How to Make Money on Twitch: Strategies and Tips
“I remember my first stream was using simply the Twitch app on my Xbox after I set up my Twitch profile and got to hit the go live button,” says Westlund. “I believe I streamed for three or four hours with a grand total of zero views.”
Knowing how to make money on Twitch is a different story from actually doing it. You’ll need to learn how to attract a loyal audience who keeps coming back and enjoys watching your streams enough to pay you. A good way to do this is by studying other channels with a critical eye.
Focus on Your Streaming Game
“I took the time to research what Ninja was doing, what set him apart, what worked and what didn’t work,” says Westlund. “I really dove into every aspect of what would make me successful. From learning about proper ways to light my stream area, to my background, to upgrading my camera.”

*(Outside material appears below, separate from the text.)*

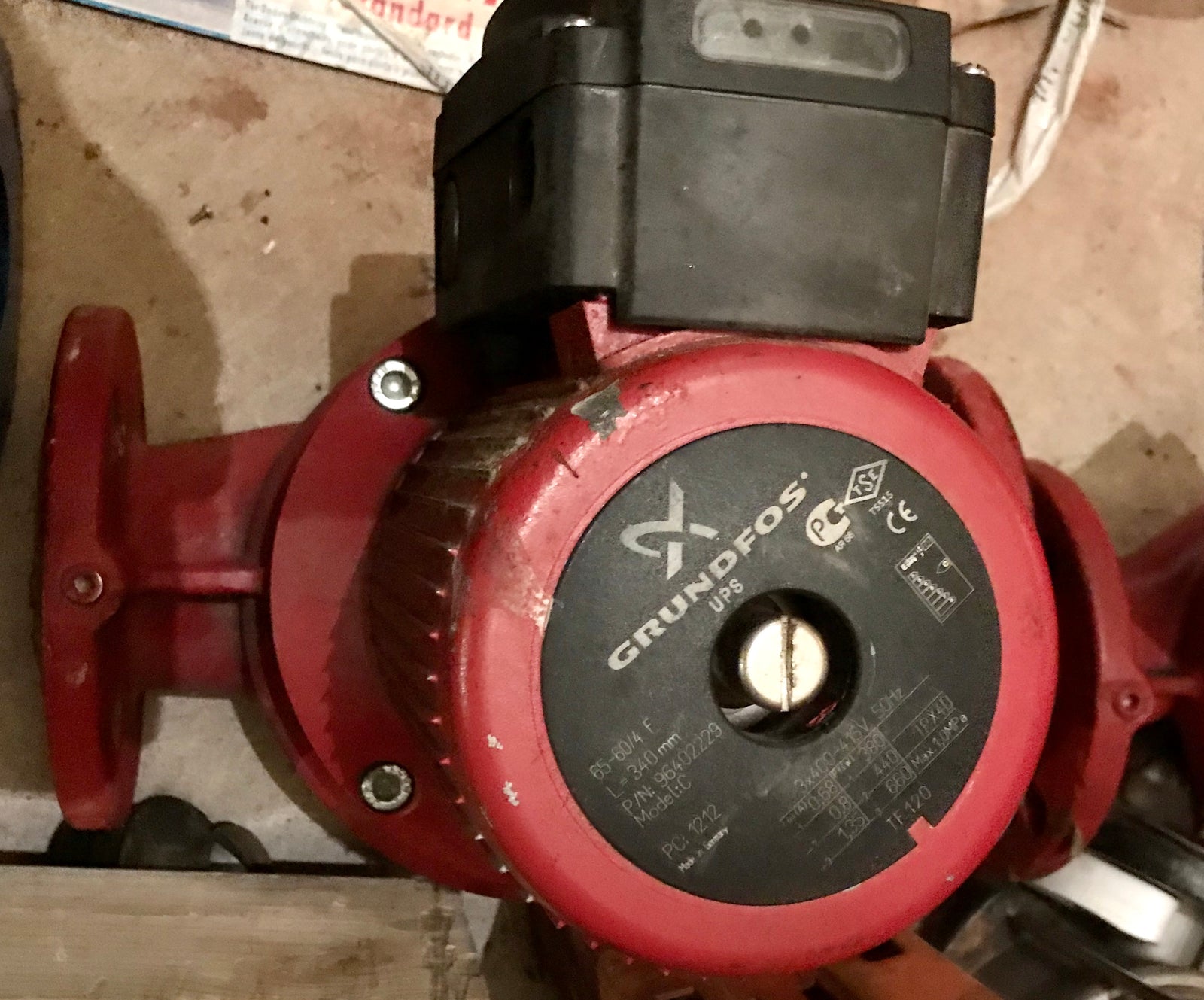 Grundfos Pump UPS 65-60/4 F 415v 400v 96402229 #2293 Used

It’s also important to pay attention to what makes for engaging content — and sometimes, what doesn’t. “I also did the little things like never looking at my phone when I was streaming and always trying to interact with my audience,” says Westlund. “You wouldn’t believe how many people, after a break in a game reach for their phones and just stare at it while they have people who are watching them!”
It’s easy to want to invest in all the best equipment from the get-go. But Westlund advises against that, since it could cause financial stress that ultimately impacts the quality of your streams.
So, Westlund upgraded his equipment step-by-step, and that’s how he advises others to follow. “My first $100 payout allowed me to purchase my green screen to upgrade my stream quality.” Later, Westlund added a new PC and a DSLR camera, too.
Focus on Streaming as a Job
“The biggest thing is the consistency; so many people start and stop and start again. They don’t put forth that consistent effort day in and day out,” says Westlund. “I had a set schedule and I kept showing up even when I didn’t want to.”
And here’s the part that’s maybe not so fun about making money by playing games on Twitch. Just like with any other hobby-turned-side-hustle, the boundary between being a fun hobby and being a job can happen real quick.
If you like the social side of gaming and can turn that into a money-making opportunity, it’ll probably still be a lot more fun than working a part-time gig at a retail store. But it also means that something you used to do just for funsies might become real work, and a little less (or a lot less) fun.
And for some, that can easily lead to burnout. Even Westlund himself is taking a break from streaming right now, possibly for good.
How Much Can You Make on Twitch?
“I think when people set out to earn money on Twitch they are setting themselves up for failure,” says Westlund. As with any money making venture, you need to have a passion for it first, and the money will follow suit. That said, it’s still possible to earn real money. How much you can earn depends entirely on your dedication and your skill. And there are other benefits, too, that aren’t money-related.
“I met some amazing people and have remained close friends with many of them to this day,” says Westlund. “I often feel a bit of guilt when I know that I won’t be going live again for a long time, potentially ever again, because I built a community that was centered around positivity, acceptance, and having fun.”
And for Westlund, that was the real win.